To Market, To Market

Walking to work today, the air was cold enough so that every breath I took escaped as what I called ‘dragons breath’ when I was a little girl. I love days like this. I have had a lot happening over the past few weeks (a dear Aunt has had a stroke, I have been under the weather and Carl has been working late an awful lot), and had fallen into the habit of catching the bus to work, but lately I have started to walk again, and am getting so much pleasure out of it. I leave ten minutes earlier than I need to so I can really absorb it all, and have time to be diverted on the way. I love to scuffle through the leaves, which are really crunchy at the moment. I adore the sweet almost coffee scent that rises up from a path of freshly scuffled leaves.

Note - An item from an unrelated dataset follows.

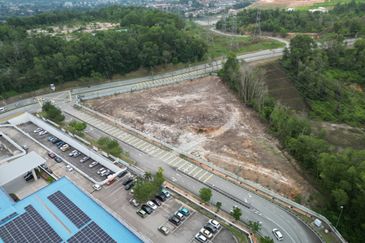 1.8ac Seremban Forest heights Main Road Corner Freehold Commercial land for sale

The light has that wonderful quality of being somehow sharp and hazy at the same time, and the sunshine is brilliantly dazzling. This morning I had a particularly lovely walk into work, as it ended with a quick trip to the market. I love the feeling of having some pennies in my purse and a shopping list of lovely things. First of all I visited the cheese stall, to buy some goats cheese. Tonight I am cooking roasted peppers filled with goats cheese and lentils, and then for lunch tomorrow I am making my favourite goats cheese, roasted pepper and chicken salad. When I got there they only had 1kg logs, which (as much as I do love goats cheese!) was just way too much for me, so the lovely man cut me a smaller slice instead. Then I moved on to the flower stall, as at this time of year I get a yearning for what I think of as Mrs Miniver chrysanthemums. I was torn between a deeper brown, a bright firey orange, and a smaller-flowered bronze somewhere between the two. I chose the bronze, and enjoyed carrying them through the market in their heavy paper wrapping. My last port of call was at a stall that sells all manner of dry goods, where I bought a tub of hot chocolate for my sister.

I really wanted to buy a new pair of slippers, but the slipper man was not there today, and I would have loved to loiter at the wool stall for a little while, but the clock was ticking, and work was calling.